Wednesday, January 14, 2009

Cambodian Life: The River and the Land



 I've left the Mekong behind and replaced it with the ancient ruins of Angkor Wat. But the river stays with me. At this end of the river, near Seim Reap, there is a tributary of the Mekong, the Tonle River, that takes you to the most incredible lake in SEAsia, the Tonle Sap Lake. The picture above was taken close to where the Tonle intersects the Mekong.

I miss waking up to the sound of fisherman's diesel fueled motor as they set their pre-dawn nets.The catch goes back to one of hundreds of villages along the river where women split the small fish in two, then skewer them onto a dowel and smoke them. When they're finished, they are mashed into a fish paste that is used in cooking a variety of dishes.
In these river villages, the houses are on stilts to protect them during the three month floods. The water rises onto the steep riverbank between twelve and fifteen feet. The villagers are in peril very year.

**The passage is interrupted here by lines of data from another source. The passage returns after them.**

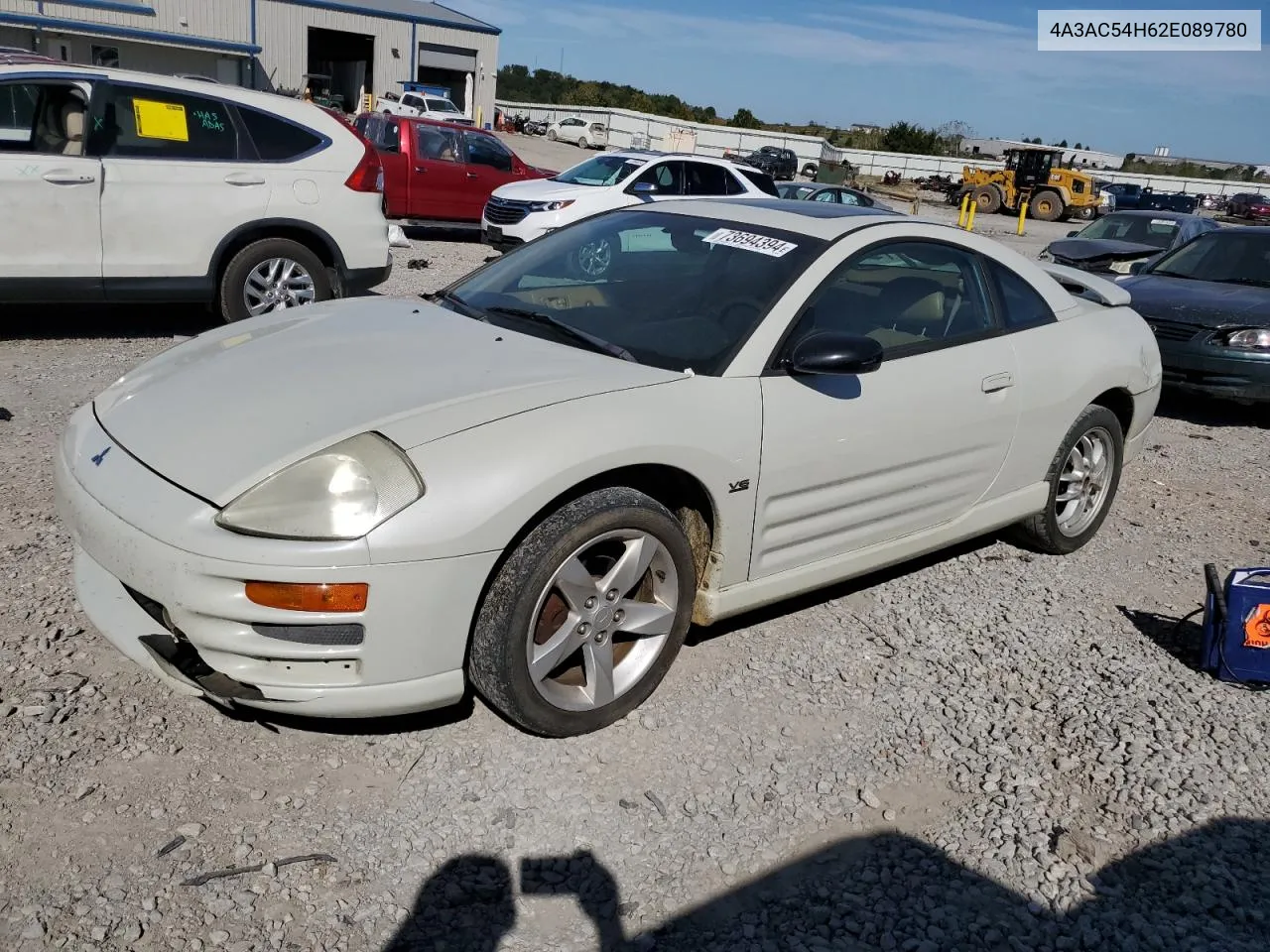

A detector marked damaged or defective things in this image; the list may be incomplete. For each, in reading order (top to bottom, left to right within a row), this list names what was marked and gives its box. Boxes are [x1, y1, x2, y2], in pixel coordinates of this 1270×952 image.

torn bumper piece [139, 635, 265, 700]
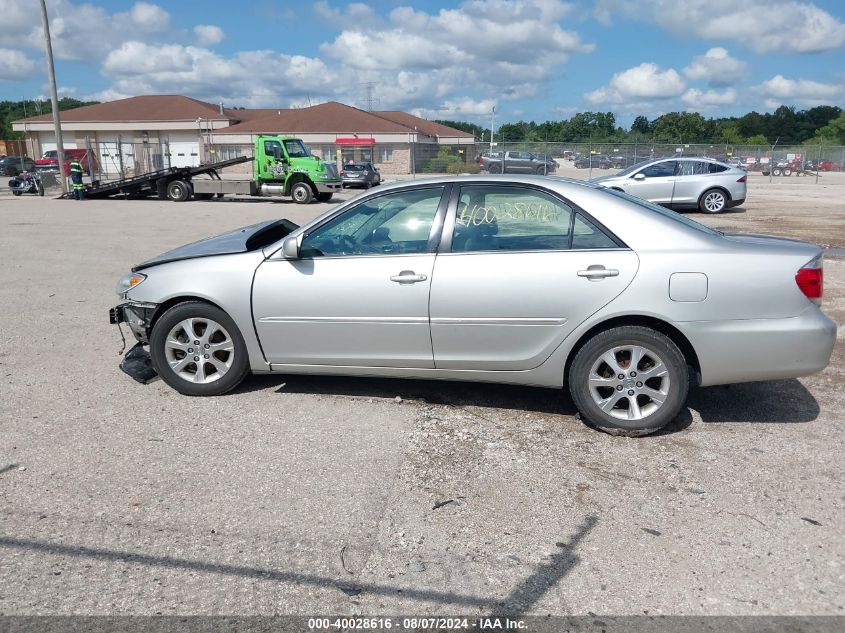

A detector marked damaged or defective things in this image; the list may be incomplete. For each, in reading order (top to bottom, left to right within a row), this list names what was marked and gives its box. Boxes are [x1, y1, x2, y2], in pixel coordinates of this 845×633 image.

damaged front bumper [109, 300, 157, 344]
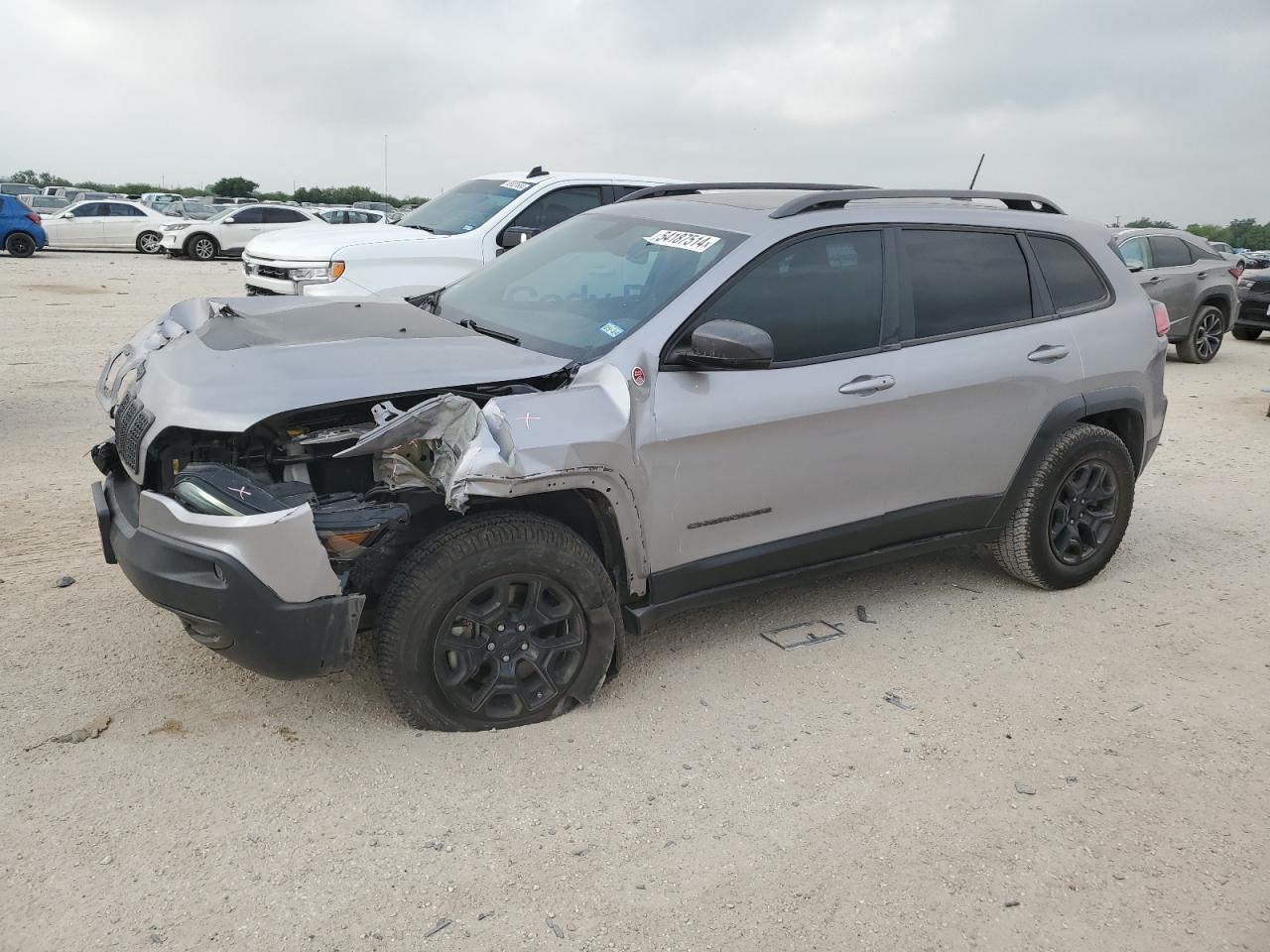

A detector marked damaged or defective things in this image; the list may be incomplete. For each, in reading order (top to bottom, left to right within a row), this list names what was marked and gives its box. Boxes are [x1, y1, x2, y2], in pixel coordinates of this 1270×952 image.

crumpled hood [242, 223, 437, 261]
crumpled hood [97, 297, 572, 477]
shattered bumper cover [92, 474, 363, 680]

Some houses are made using bamboo for the base and palm branches for the sides and top.Because of the the weather, the palm branches have to be completely replaced every three to four years. Can you imagine having to side your house three times in a decade?

Electricity varies from village to village. But generally, our guide Roth said that there is some electricity available to homes from dawn until noon. After that, the only sources are battery power ( used almost exclusively to power their TVs!) and kerosene or glow lights. There are no refrigerators, so women shop for produce from the local market twice a day. There's the familiar at the market like tomatoes, cabbage, onions. And the unfamiliar like century eggs--duck eggs that are placed in a saline solution and essentially preserved. The eggs take on a smokey grey exterior appearance. in side, the yold is firm and turns black while the egg white is geatinous and translucent. Farm animals live under or adjacent to the one room house--water buffalo, pigs ( we say twelve piglets not more than a couple of weeks old).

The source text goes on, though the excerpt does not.